Irreligious troubles
Remember the troubles in Ireland? They were religious wars is what we were told. The Catholics against the Protestants. Been going on for centuries. Indeed.
England has occupied Ireland for centuries, that much is true. And the English lackeys who settled the land for the British king and played landlord to the Irish were Protestant indeed. And the native Irish who have been fighting to regain their sovereignty are the religion of St Stephen who drove the pagan snakes from Ireland and converted everyone to Christianity before there was such a thing as Protestantism. The English were Catholic until Henry VIII was refused an annulment from the pope and so created his own Church of England. British subjects had to follow their king into Protestantism, and the enemy freedom fighters in Ireland would, of course, not.
And so the battle between the Irish and their English occupiers waged on, cleverly repackaged by the empire, the British Empire and ours, as religious troubles. Who sympathizes with an opponent’s foreign religion? The plight the dispossessed is another matter.
Likewise in Palestine. Are we to believe that Muslims are fighting Jews over the fate of their religious differences in Palestine? Oh, it’s been going on for thousands of years. Really?
Israel’s pretext for entitlement to the Holy Land dates back two thousand years, that’s true enough, when Jews last ruled Judea. There probably can be no end to land disputes when you argue claims that far back. Courts decided long ago to simplify disputes with statutes of limitation. In war however, every conqueror likes to assert they are reclaiming what lands were theirs by predestiny.
Palestinians are fighting the Israelis for their homeland. Israel occupies Palestine and keeps building settlements unto more of it, displacing and killing the original occupants. Israel’s motives might be religious, but the conflict is not. The fighting is occupation versus resistance, er, insurrection. The internecine strife amongst Palestinians and amongst Lebanese are no more sectarian than it is about who is collaborating with the occupiers.

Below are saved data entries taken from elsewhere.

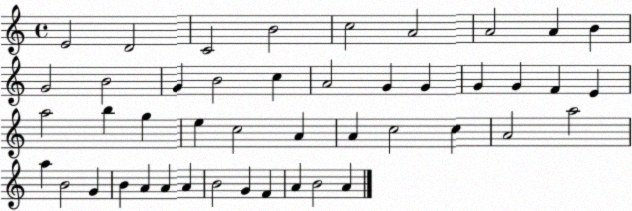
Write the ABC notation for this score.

X:1
T:Untitled
M:4/4
L:1/4
K:C
E2 D2 C2 B2 c2 A2 A2 A B G2 B2 G B2 c A2 G G G G F E a2 b g e c2 A A c2 c A2 a2 a B2 G B A A A B2 G F A B2 A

Sectarian differences in Iraq, as throughout the Middle East, have similarly less to do with religion than the struggle against colonial occupiers. Right now we are demonizing the Shia, the fundamentalist hard ballers out of Iran, who threaten the Sunnis. They do, but hardly for religious reasons. The Sunni are and have been our agents, the administrative class for the West’s domination of the Middle East. When you hear Egypt opine, that’s us. Saudi Ariabia, that’s us. All the feudal sheiks, sultans and monarchs? Ours. In our pocket and we in theirs. They don’t like the Shias because they’re as irreligious as alpha males in a harem. Once more the occupiers have their religious or counter-religious pretext. The oppressed are fighting for their land and their freedom.